=== DATASET CONTENT ===
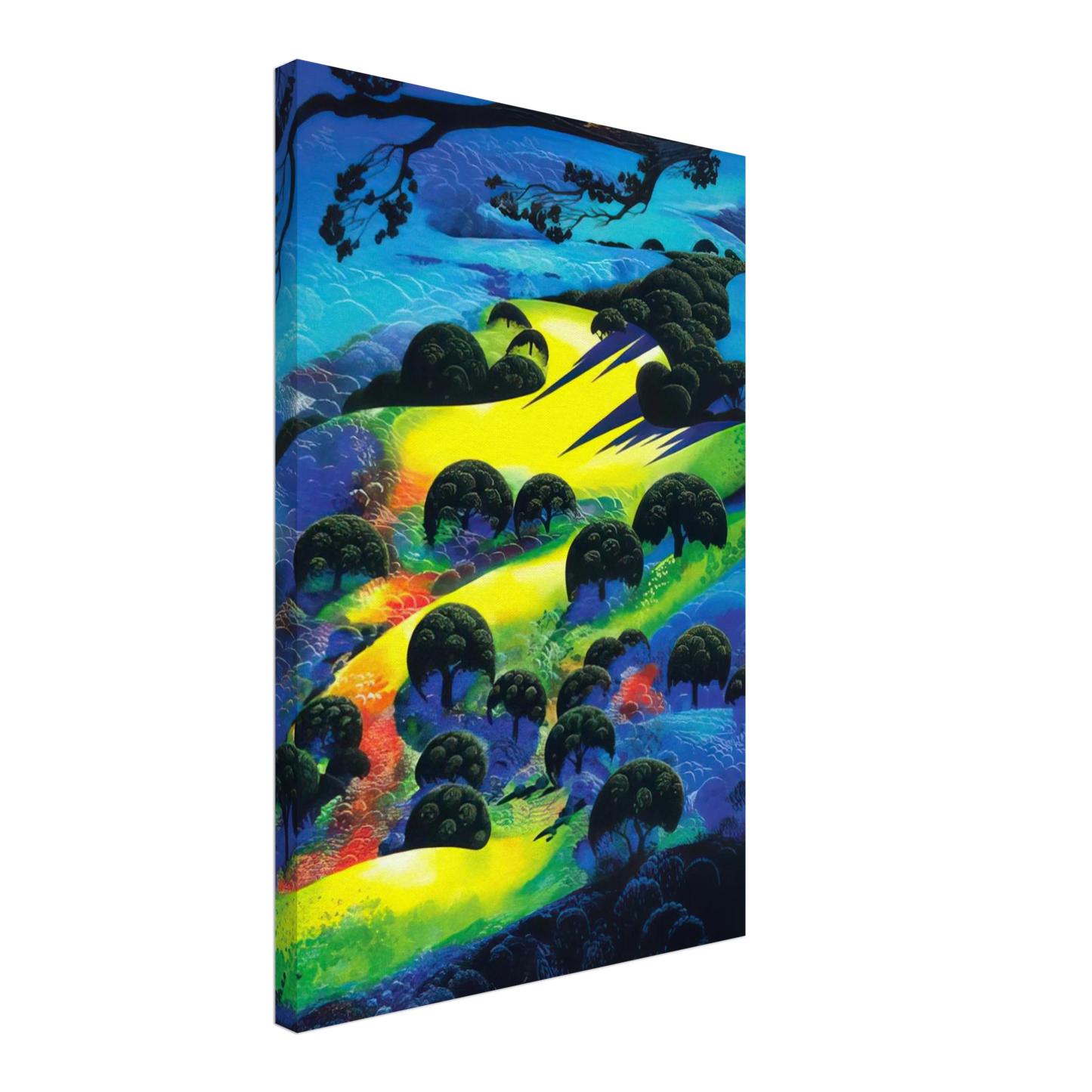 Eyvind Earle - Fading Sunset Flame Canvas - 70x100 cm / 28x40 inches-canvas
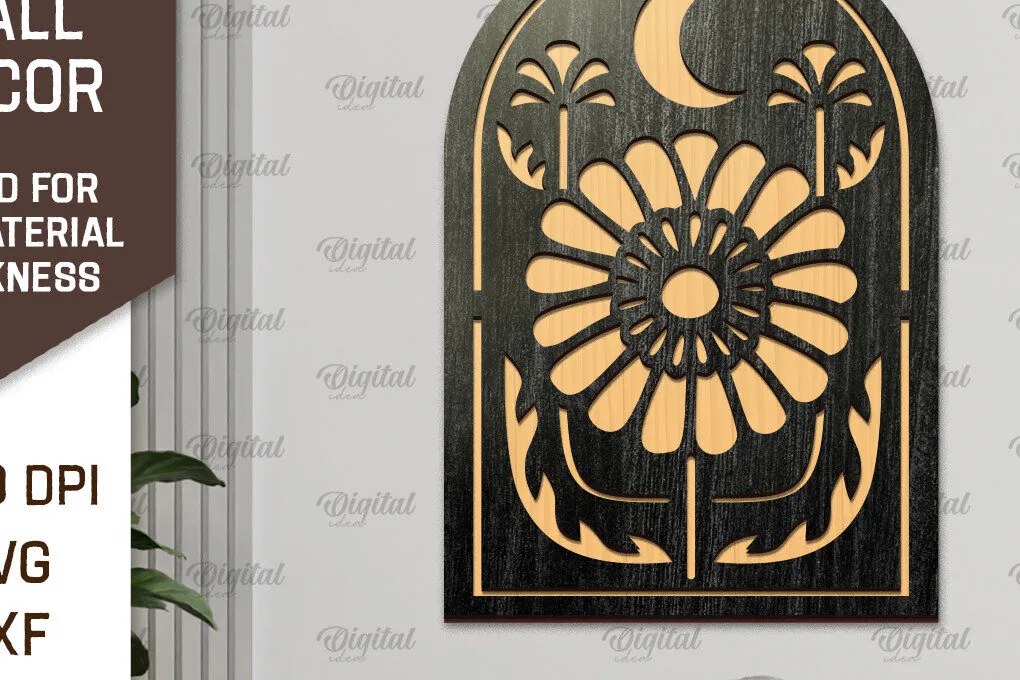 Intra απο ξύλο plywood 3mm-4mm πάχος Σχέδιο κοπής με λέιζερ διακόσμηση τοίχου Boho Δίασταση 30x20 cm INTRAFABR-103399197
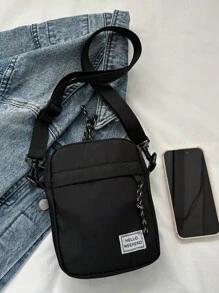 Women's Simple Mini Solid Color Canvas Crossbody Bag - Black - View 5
...
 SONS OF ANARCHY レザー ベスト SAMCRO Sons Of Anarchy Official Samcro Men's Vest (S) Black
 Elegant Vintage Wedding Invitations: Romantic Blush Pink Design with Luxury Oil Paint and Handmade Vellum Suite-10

=== TASK DESCRIPTION ===
Above are some entries. Restate word for word the lines from the one holding "Eyvind Earle - Fading" through the one holding "Women's Simple Mini", but not the pictures.

=== RESULT ===
 Eyvind Earle - Fading Sunset Flame Canvas - 70x100 cm / 28x40 inches-canvas
 Intra απο ξύλο plywood 3mm-4mm πάχος Σχέδιο κοπής με λέιζερ διακόσμηση τοίχου Boho Δίασταση 30x20 cm INTRAFABR-103399197
 Women's Simple Mini Solid Color Canvas Crossbody Bag - Black - View 5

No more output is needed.